## TASK INSTRUCTIONS
Copy nothing before the line that contains "5467 Bullrush Drive, Mississauga, Ontario"; from there, transcribe each line exactly through the end of the material, omitting pictures.

****************************************

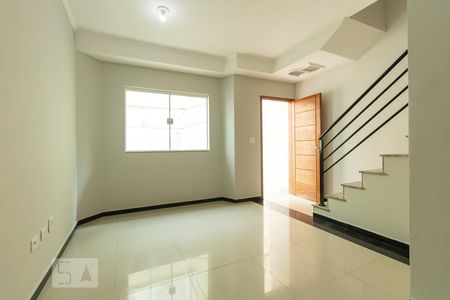 Sala de casa de condomínio para alugar com 2 quartos, 65m² em Parada Xv de Novembro, São Paulo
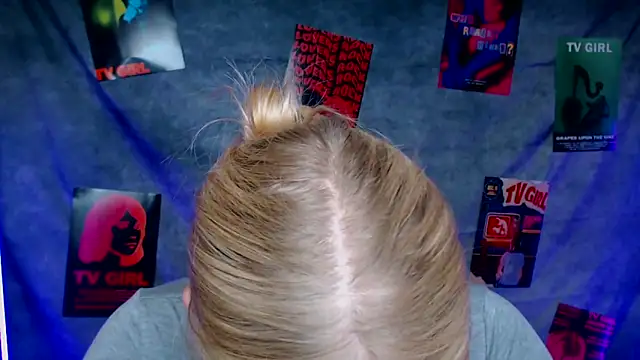 Snapshot of MademoiselleCl chatting on 1, 10, 2025 MademoiselleCl online show from 1, 10, 2025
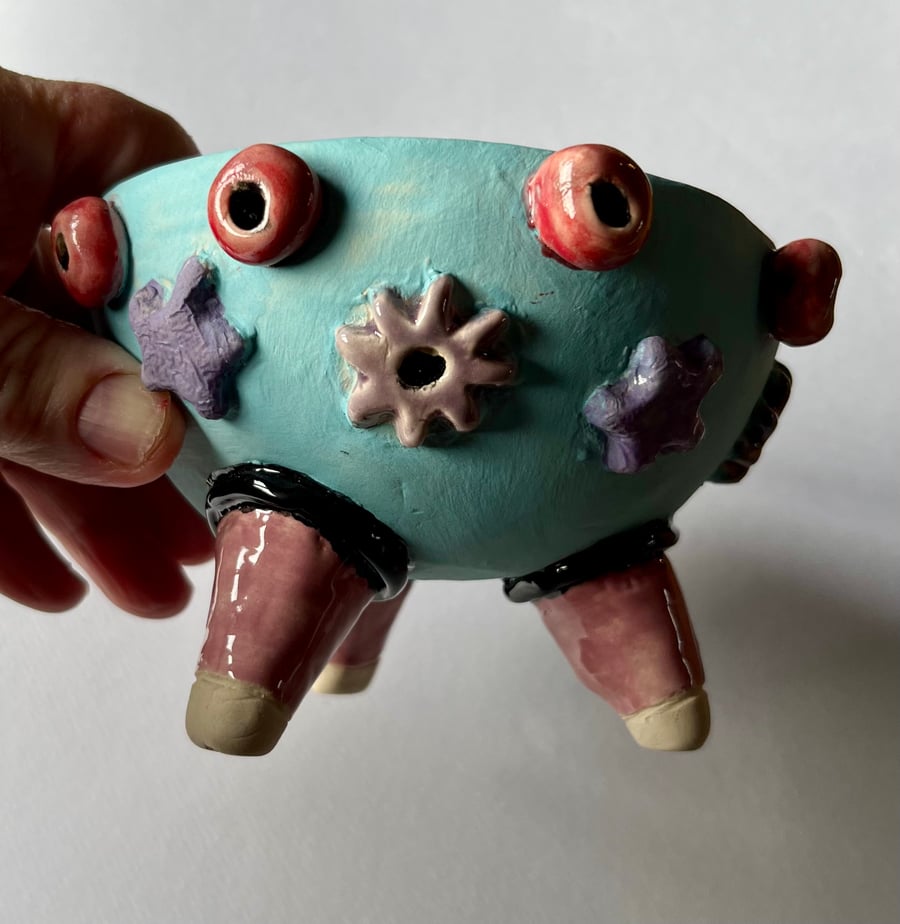 LOVELY DECORATIVE BOWL - WITH LEGS!!!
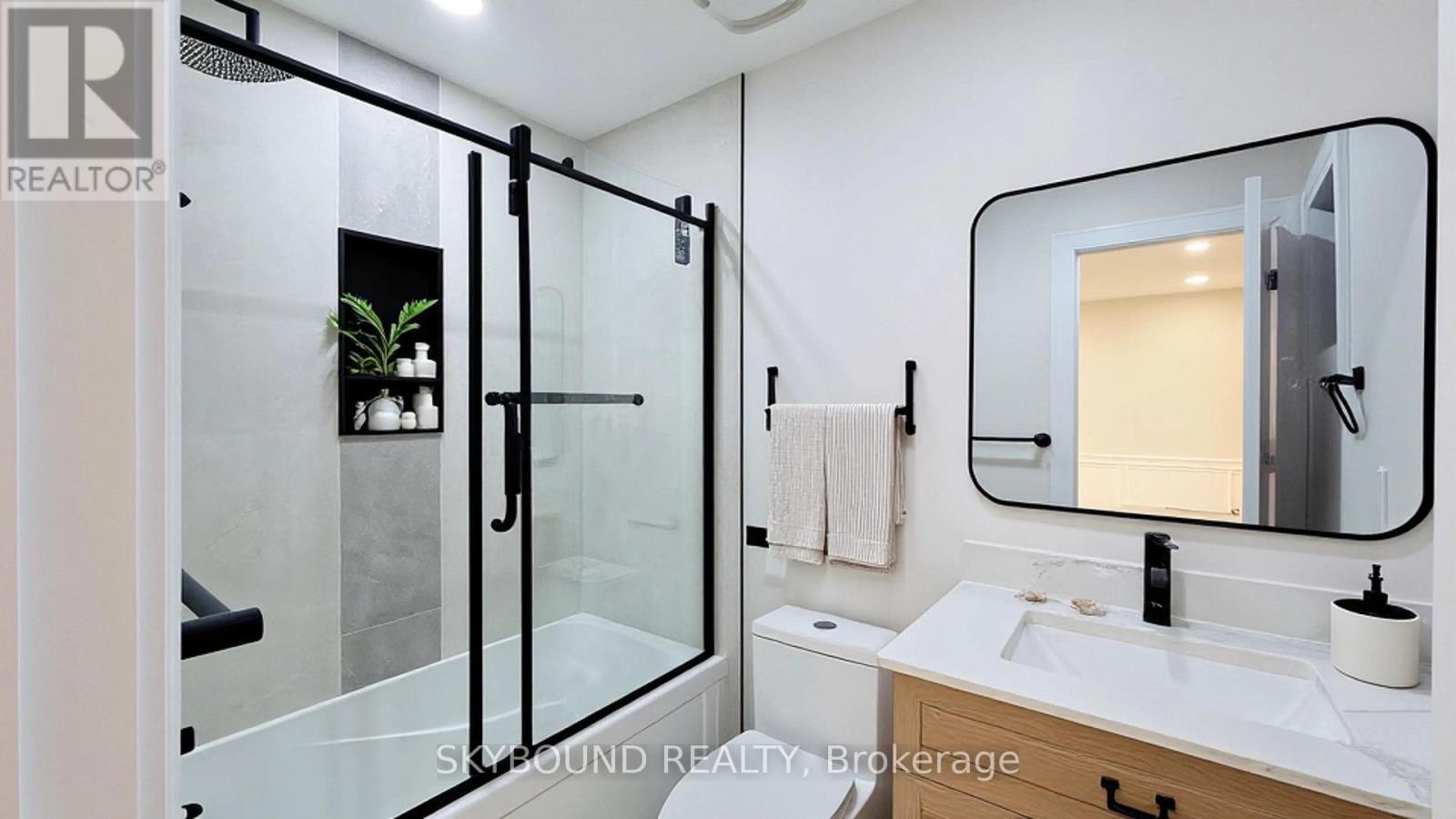 5467 Bullrush Drive, Mississauga, Ontario  L5V 1Z1 - Photo 8 - W12856778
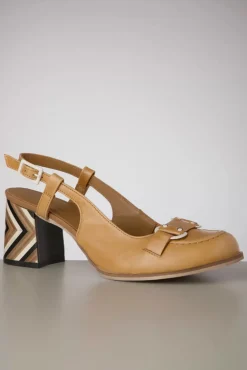 Amelie Leather Slingback Pumps In Licht Cognacbruin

****************************************

## RESPONSE TO THIS EXERCISE
 5467 Bullrush Drive, Mississauga, Ontario  L5V 1Z1 - Photo 8 - W12856778
 Amelie Leather Slingback Pumps In Licht Cognacbruin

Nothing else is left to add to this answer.